• [Dataset extract]
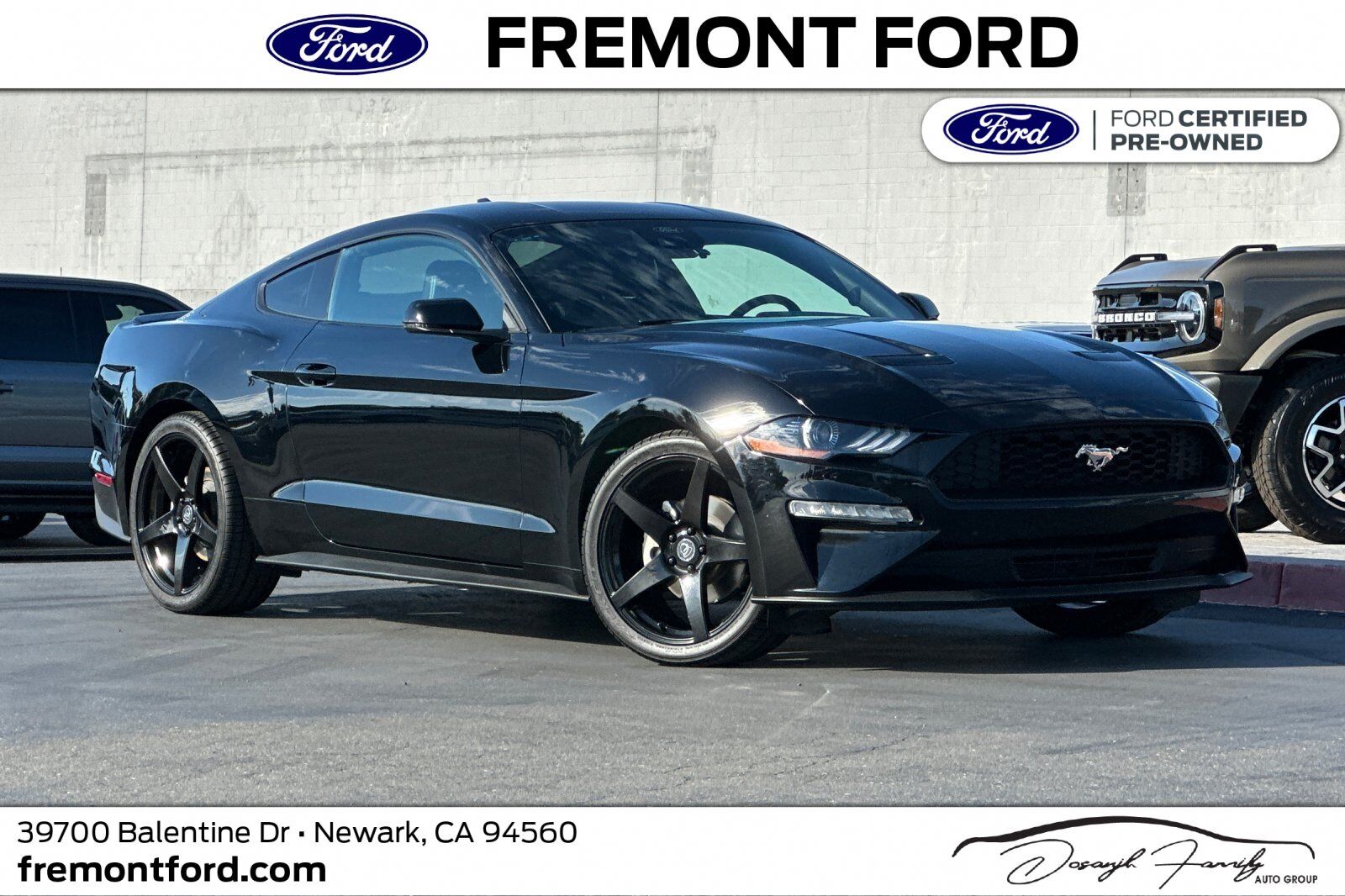 2023 FORD Mustang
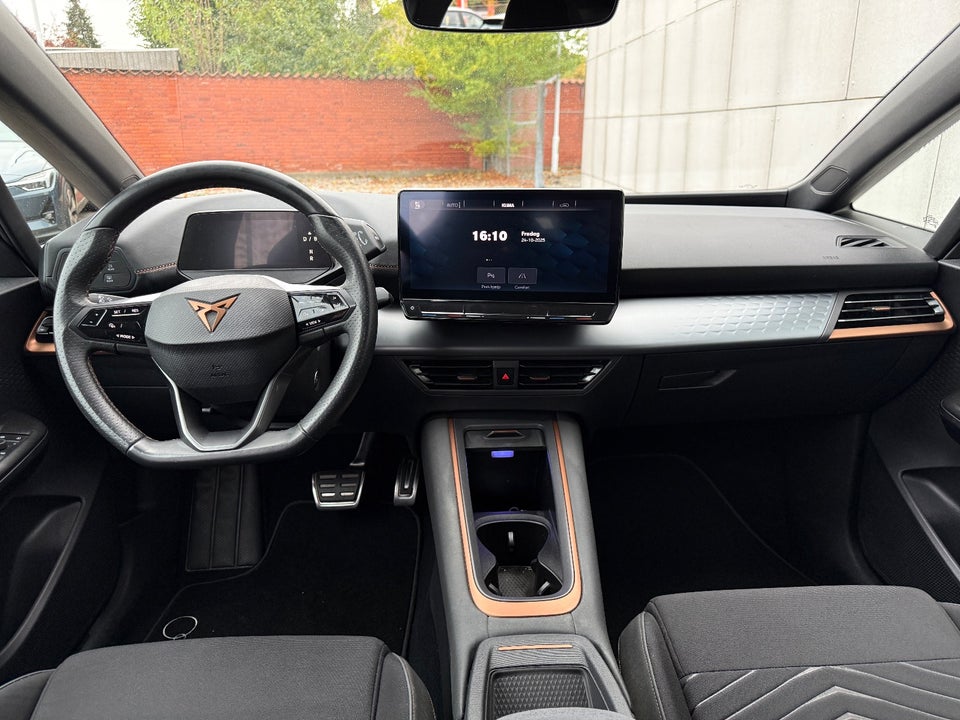 Cupra Born 58 High 5d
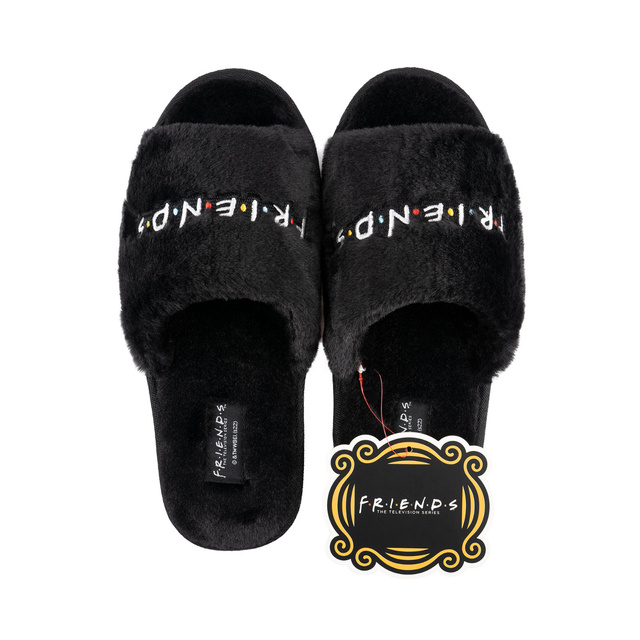 Friends women's slippers the perfect idea for a funny gift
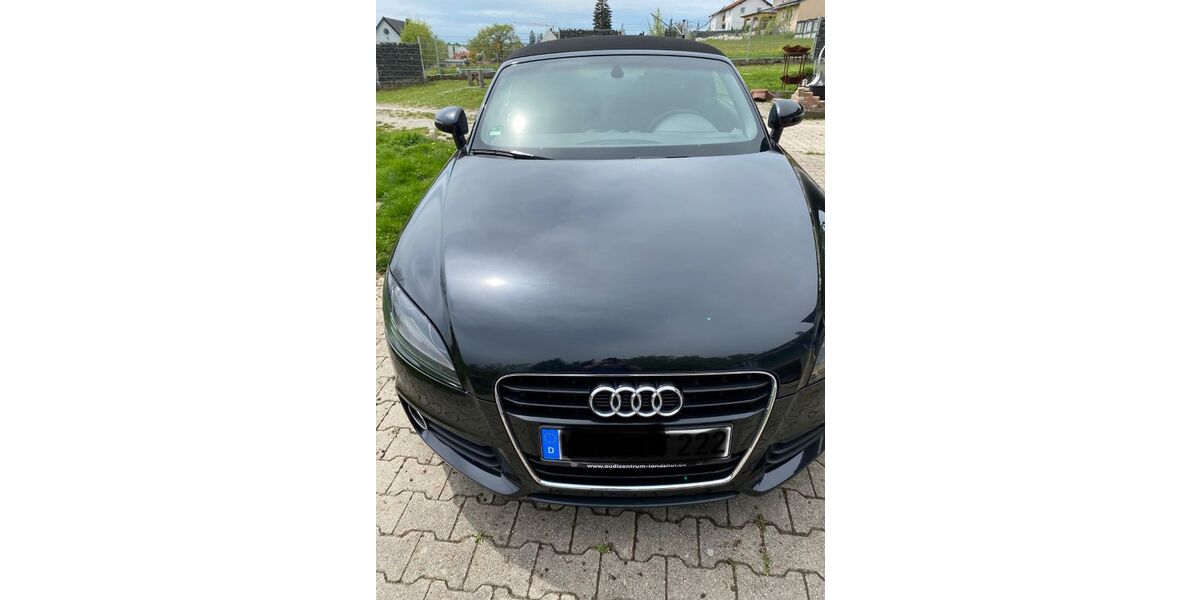 Audi TT 101.000 km 11.300 &euro; Ihrlerstein 93346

• [What you should do] The reply must hold every line above exactly as written and none of the pictures.

• [Response to this exercise]
 2023 FORD Mustang
 Cupra Born 58 High 5d
 Friends women's slippers the perfect idea for a funny gift
 Audi TT 101.000 km 11.300 &euro; Ihrlerstein 93346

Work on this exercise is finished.